Random Search

Random search is a hyperparameter optimization method that samples configurations at random from a search space.

Random search is a hyperparameter optimization method that samples configurations at random from a search space. Instead of evaluating every point on a fixed grid, random search chooses a fixed number of trials and draws each trial independently.

This method is simple, but it is often more effective than grid search in deep learning. The reason is that only a small number of hyperparameters usually dominate performance. Random search spends more trials exploring different values of important dimensions instead of repeatedly evaluating unimportant combinations.

The Basic Idea

Suppose we want to tune learning rate, batch size, hidden dimension, dropout, and optimizer. Grid search would require choosing a small finite set for each one and evaluating the full Cartesian product.

Random search instead defines distributions:

$$ \eta \sim \text{LogUniform}(10^{-5},10^{-1}), $$

$$ B \sim \text{Choice}{32,64,128,256}, $$

$$ p_{\text{drop}} \sim \text{Uniform}(0,0.5). $$

Each trial samples one configuration from these distributions.

For example:

config = {
    "learning_rate": 2.7e-4,
    "batch_size": 128,
    "hidden_dim": 512,
    "dropout": 0.18,
    "optimizer": "AdamW",
}

After training and validation, the result is recorded. The best configuration found so far is retained.

Why Random Search Helps

Grid search allocates equal attention to every search dimension. This is inefficient when some dimensions matter much more than others.

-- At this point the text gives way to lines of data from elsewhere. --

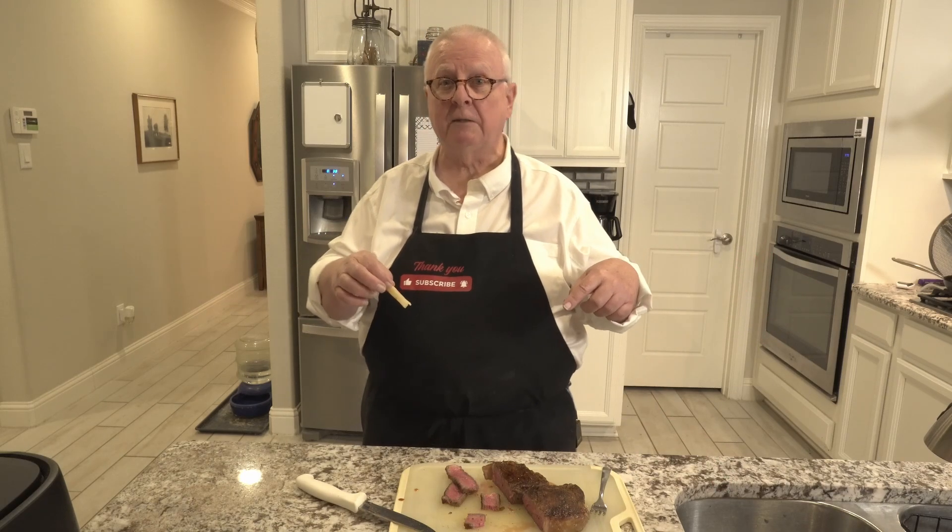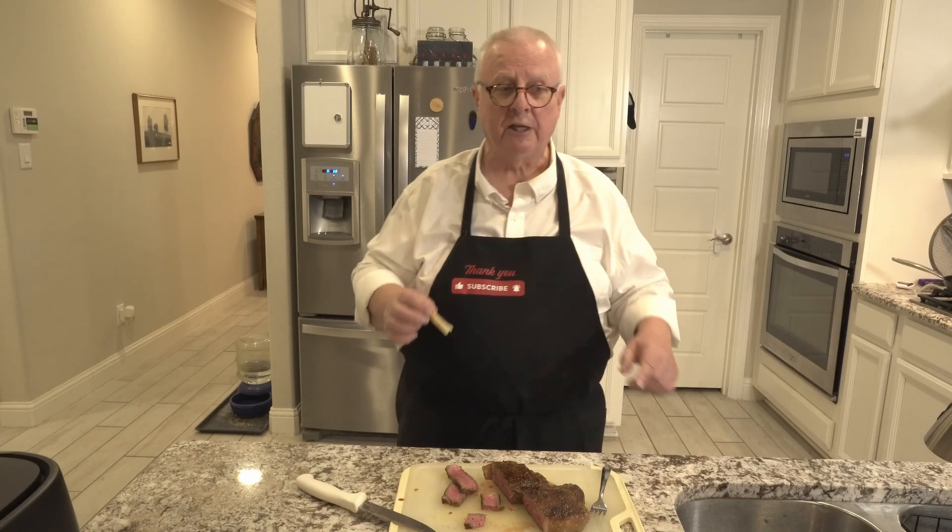If you enjoyed the video, give us a like. Consider a subscription, and I will catch you all the next time. Bye-bye.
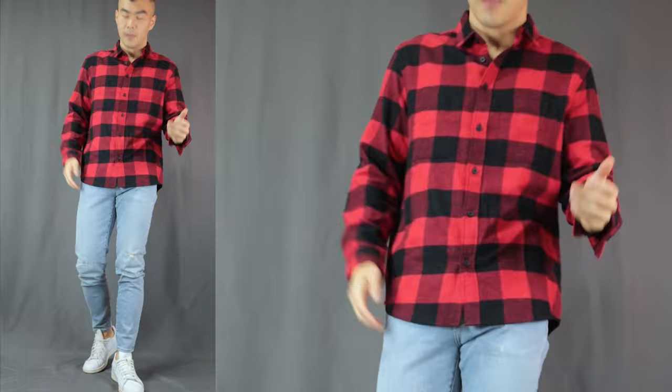Moving on to outfit number 5, here we have the flannel shirt. I am rocking a red and black flannel shirt, a pair of light-washed jeans, and a pair of white sneakers. The light-washed jeans are a super low-key and under-the-radar piece of clothing, so they really give you the opportunity to spice up the outfit with fun colors and bold patterns on top. That is why I am choosing the red flannel shirt — it really elevates the outfit to a whole other dimension. You can layer the flannel shirt on top of a simple white t-shirt, unbuttoned, to give that carefree, laid-back look.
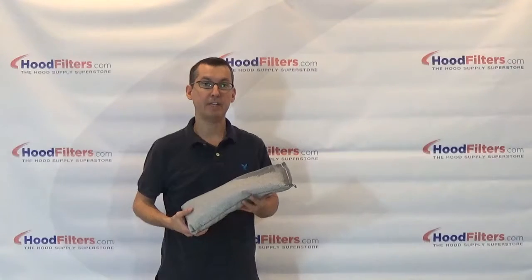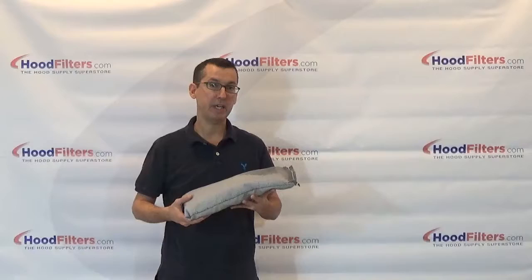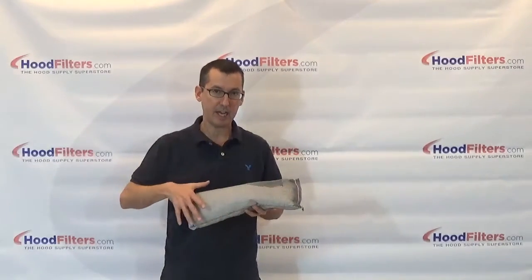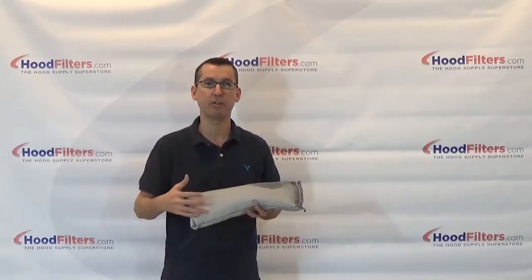This is the four and a half inch by 16 inch grease catcher pillow, made specifically for the four and a half by 16 inch grease catcher box. It has a unique design — a net-type outer shell filled with poly beads that absorb the grease.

Assume validation performance depends strongly on learning rate but weakly on dropout. A grid with five learning rates and five dropout values evaluates only five distinct learning rates:

$$ 5 \times 5 = 25 $$

runs, but the learning rate takes only five possible values.

Random search with 25 trials can evaluate 25 different learning rates. This gives much better coverage of the important dimension.

The advantage becomes larger as the number of weak or irrelevant dimensions increases.

Consider two hyperparameters:

Method Learning rate values explored Dropout values explored Total trials
Grid search 5 fixed values 5 fixed values 25
Random search 25 sampled values 25 sampled values 25

With the same number of trials, random search explores more distinct values per dimension.

This matters especially for continuous hyperparameters. A grid imposes artificial resolution. Random sampling avoids this fixed lattice.

Defining Sampling Distributions

Random search requires distributions, not just candidate sets.

Common choices are:

Hyperparameter Suggested distribution
Learning rate Log-uniform
Weight decay Log-uniform
Dropout Uniform
Batch size Categorical
Hidden dimension Categorical
Number of layers Categorical
Warmup ratio Uniform
Gradient clipping norm Log-uniform
Label smoothing Uniform

A log-uniform distribution is useful when the right scale is unknown. For example, the useful learning rate may be $10^{-4}$, $10^{-3}$, or $10^{-2}$. Sampling uniformly in ordinary space would over-sample large values.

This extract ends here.